No – I picture something like a bicycle wheel with lots of stuff stuck in between the spokes, playing cards, trinkets, tassels and decorative plastic flowers – and this weird wheel is hanging out at the top of a mountain –
Maybe little strings hang down from it and stuff moves when the wheel turns, like puppets attached to their controls.
What the hell is Rosencrantz going on about?

The cess of majesty Dies not alone, but like a gulf doth draw What’s near it with it;

I think, Rosencrantz, it’s probably not good etiquette to mention the king’s death to the king, even philosophically. No one’s particularly keen to be reminded he is going to die, but especially kings and (you can’t know this) but especially kings who have committed regicide. So you’re reminding him, Rosencrantz, of not only his OWN death but the death of the previous king, his brother.
It’s just not good form.

But much more That spirit upon whose weal depends and rests The lives of many.

Weal is a funny word – because, when spoken as this is meant to be, it sounds just like “wheel” and in meaning, yes, weal, as in well being might actually make more sense – but as a metaphor, the many lives might just as easily roll along on the spirit of a wheel. like a train or a car.
And in fact, when this speech gets going, it goes EXACTLY there. There is a weal, then a wheel – like Rosencrantz got to the wheel metaphor from using the weal one. Now all we’d need to get a real confusing pun-tastic speech going is to get someone with a little speech impediment to talk about something real. You know, someone who can’t really say his Rs, so he talks about shows that are weally weally good.

The single and peculiar life is bound With all the strength and armor of the mind To keep itself from noyance;

My particular single and peculiar life
Does not seem quite free from noyance

Is anyone’s life free from it?

A noyance – free life would be so swaddled in cotton, there’d be no edges – and at a certain point, the cotton itself would become a noyance.

I had a book of Andy Warhol quotations and for some reason a line of his about rich people and problems stuck with me. It was something like, “Everyone has problems. Even rich people – even if it’s just that the toilet doesn’t work.”
Which frankly would be a bigger noyance for the poor as it will take either more time or a larger percentage of an income to fix it.
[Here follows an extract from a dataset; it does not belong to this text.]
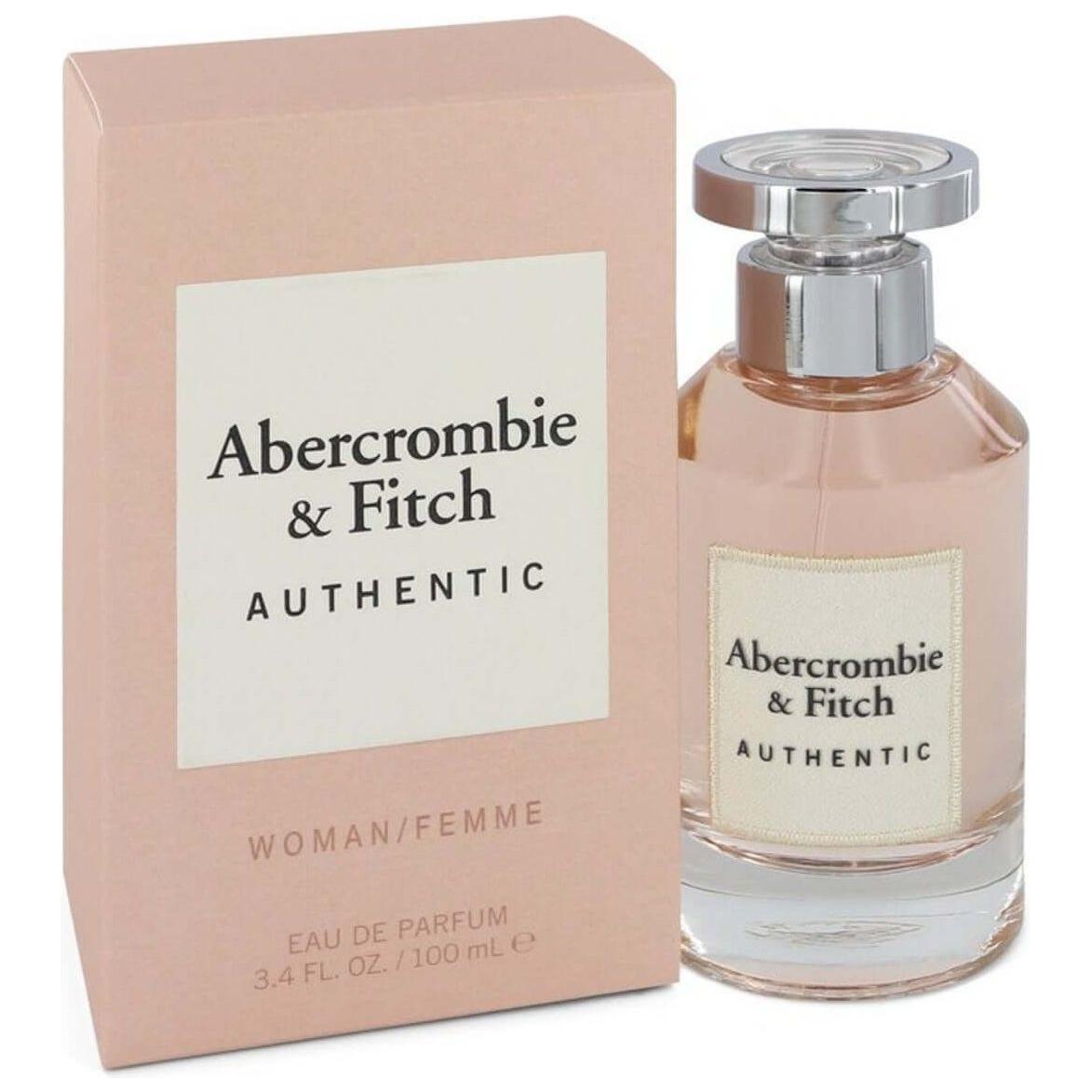 Abercrombie &amp; Fitch Authentic for Women EDP 3.4 oz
But it is a noyance in any case.

But – any single, peculiar life does STRIVE to keep itself free from noyance. Even the simplest life forms move toward the nice things away from the not nice. We have movement and brains to help us do just that.

How can that be, when you have the voice of the King himself for your succession in Denmark?

And here is where Rosencrantz signs his own death warrant. He might have been able to pull Hamlet’s allegiance back at this point with a different answer.
He’s been pushing at Hamlet to tell him what’s wrong pretty every time he sees him and here Hamlet finally tells him something trued and Rosencrantz shuts it down.
If he’d said something like, “Yes, that is upsetting.”
Or even just did some straight up reflective listening like, “You lack advancement.” Hamlet might have begun to trust him – but by essentially taking Claudius point of view, he condemns himself.
It is here where Hamlet quits playing their game, gets out the pipes and starts turning the tables on them.
Smooth move, Rosencrantz.

You do surely bar the door upon your own liberty if you deny your griefs to your friend.

Rosencrantz is the kind of friend I used to have – the kid who is constantly trying to manipulate people into telling him more than they want to. He’s like the friend who says, “If you were really my friend, you would. . .” and it’s either something he wants you to do or something he wants you to say and somehow you end up doing it or saying it. But then you feel bad – and you think, “Yeah, you know – maybe I’m actually NOT your friend, so no thanks. I won’t tell you that intimate secret, actually. No, no, you don’t get to hear about my innermost feelings.”
This is a particularly sneaky manipulation – the idea that by somehow NOT telling Rosencrantz he is presenting his own freedom, he own cure.
When, of course, there’s nothing wrong with Hamlet that a little revenge won’t cure.